I would like the line with "バック・アロウ 第13話 感想 ネタバレ 1584" and every line after it, down to the end of the entries below, output exactly and without pictures.

-- Records shown --
**********

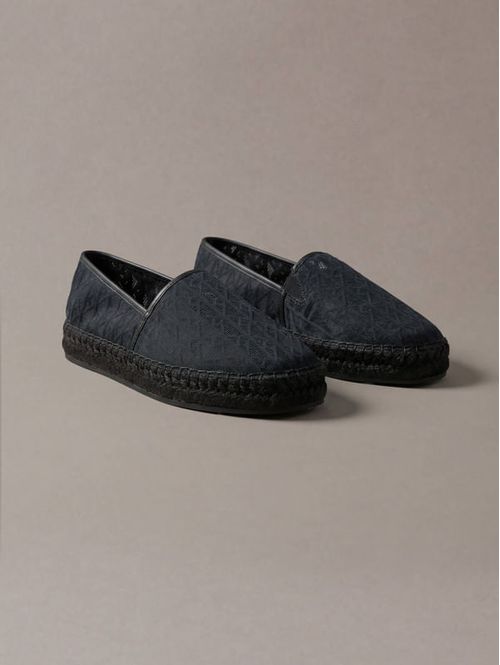 alpargatas-calvin-klein-espadrille-spacer-mesh-mujer-negro-hw0hw03032-0gj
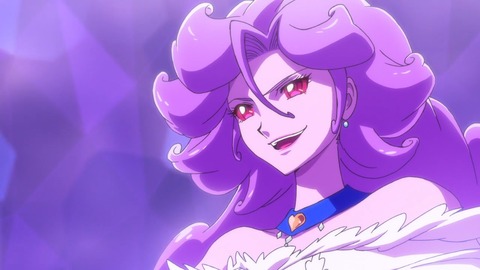 バック・アロウ 第13話 感想 ネタバレ 1584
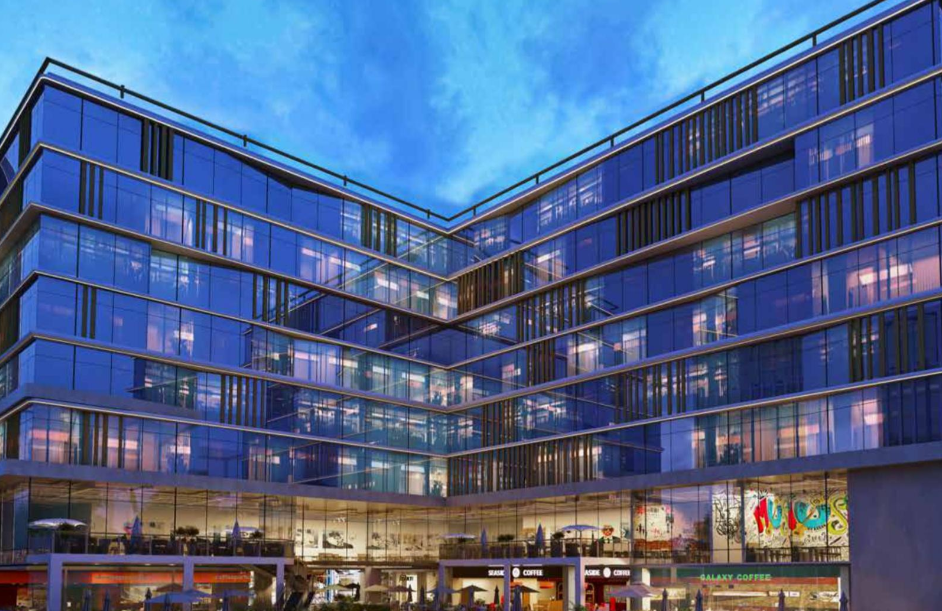 تجاري at اليفين | Forsa Property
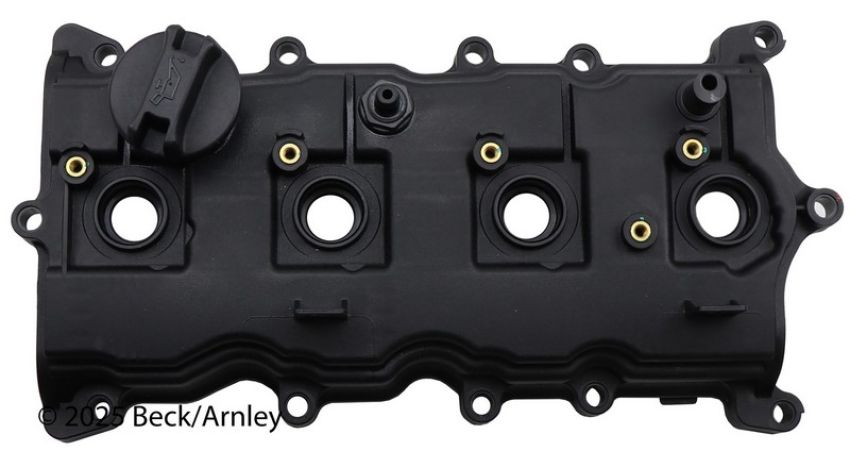 BECK/ARNLEY 036-0062 VALVE COVER ASSEMBLY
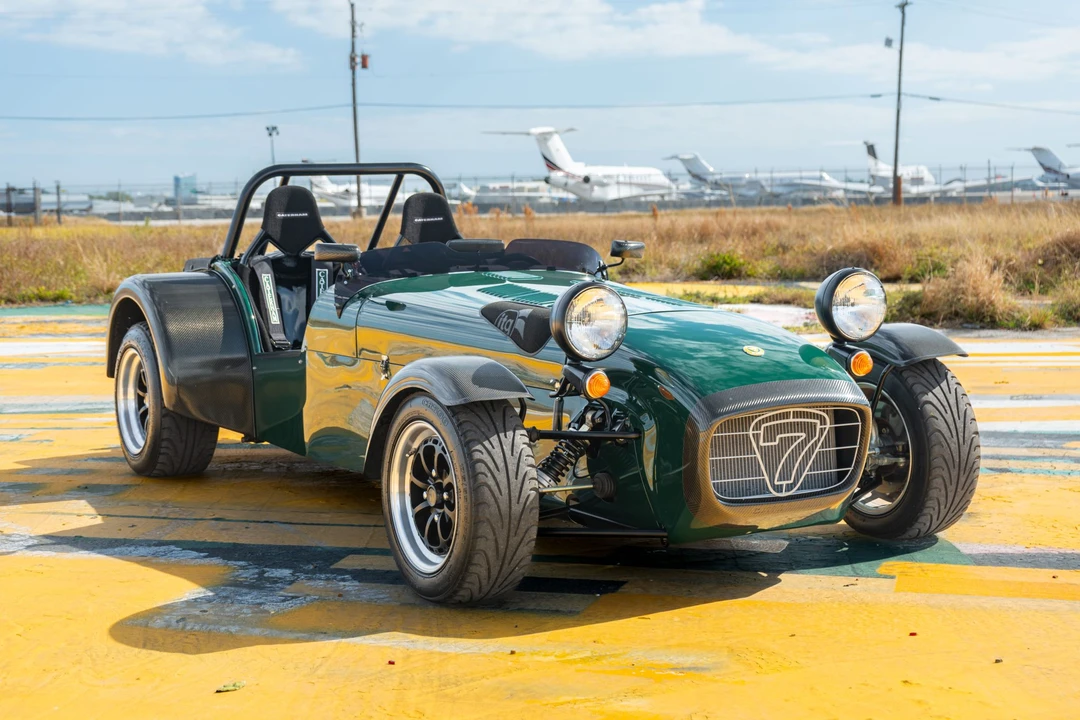 Caterham Seven - Image 14 of 31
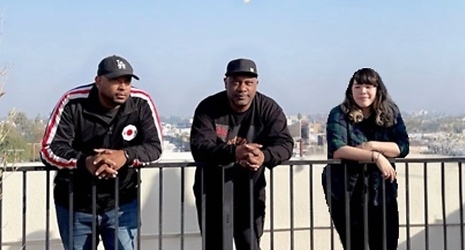 Stay Or Go Friday December 5th 2025: The Scene: The Band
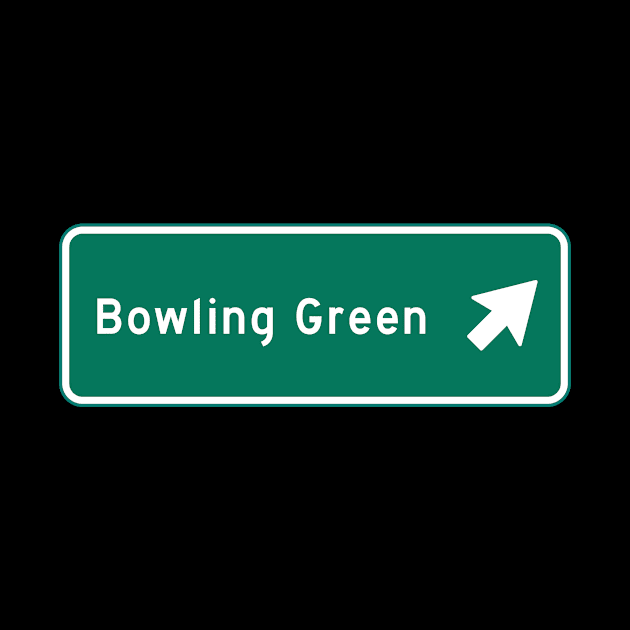 Bowling Green by MBNEWS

**********

-- Exercise answer --
 バック・アロウ 第13話 感想 ネタバレ 1584
 تجاري at اليفين | Forsa Property
 BECK/ARNLEY 036-0062 VALVE COVER ASSEMBLY
 Caterham Seven - Image 14 of 31
 Stay Or Go Friday December 5th 2025: The Scene: The Band
 Bowling Green by MBNEWS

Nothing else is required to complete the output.